Run the main function to get the TOP 100 of final result:
python3 main_withTFIDF.py
The final result file is submission_TFIDF_MAP100.txt.
If you want to re-generate TF_IDF score, you will need about three hours and you should modify the TF_IDF.py, then run :
python3 TF_IDF.py
If you want to re-generate CBOW score, you will need about many hours and you should modify the keras_10.py, then run :
python3 keras_10.py
But the keras train maybe not right.The CBOW result may be better only need 20~50 times train. My 2500 times train's good result is just a coincidence.

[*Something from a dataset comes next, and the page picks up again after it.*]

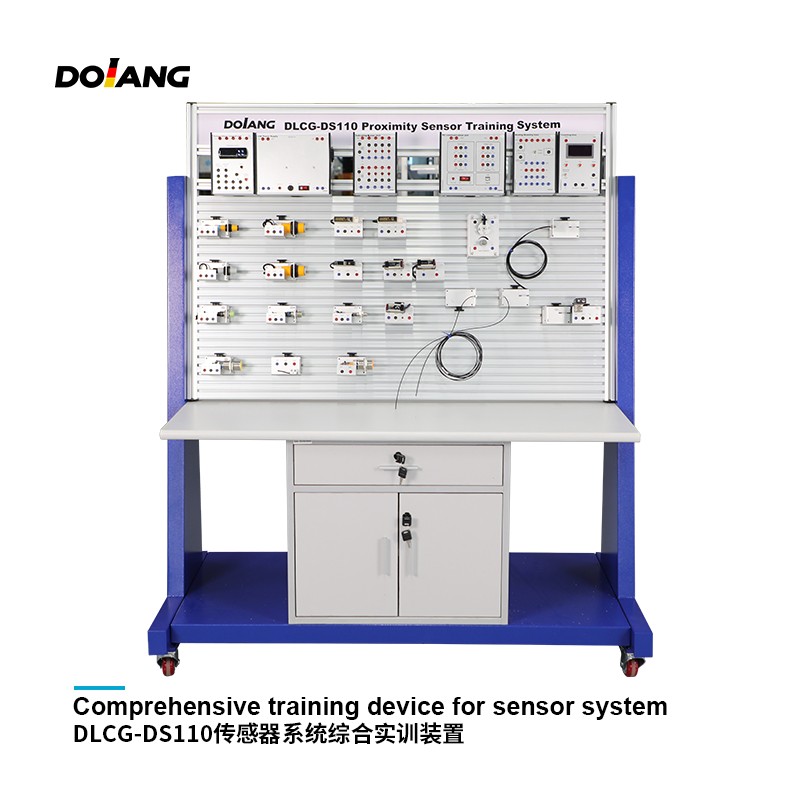 DLCG-DS110 Kits de treinamento de sensores abrangentes para equipamentos de educação profissional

And maybe we should given the word in query but not in document the socre of the three lowest TF_IDF socre, teacher's advice.
-
1 : get the query list
-
2 : get the dictionary and document tf,idf and query tf
-
3 : document term weight,先取得一個 document 作爲豎着向量。再找到 query term weight, 作爲橫着向量
-
4 : compute the 兩個向量點乘
-
5 : compute the 兩個向量長度
-
6 : 計算 cos
-
7 : 排序比較對於這個 query ,最接近的結果 cosVal 越大
-
8 : 找到所有的 query 的 cosVal
- get the all files into a file.
- initial data, three words are a group of input-data.
- initial left of the first data, third data.
- initial middle data list, source from the second data in second step.
- convert middle data to one-hot style.
- keras uses Word Embedding method - CBOW to train. And save weight.
- get Embedding result of weight file.
- compute cosVal by Embedding result.
- get the all documents 's colVal of all querys from step1.'
- get the all documents 's colVal of all querys from step2.'
- Add two groups colVal.
- Sort result.
If we use 2500 times train and split input-data to 10 groups for one train, we will get best result for this homework5 when only train three groups input-data.It is amazing but in fact.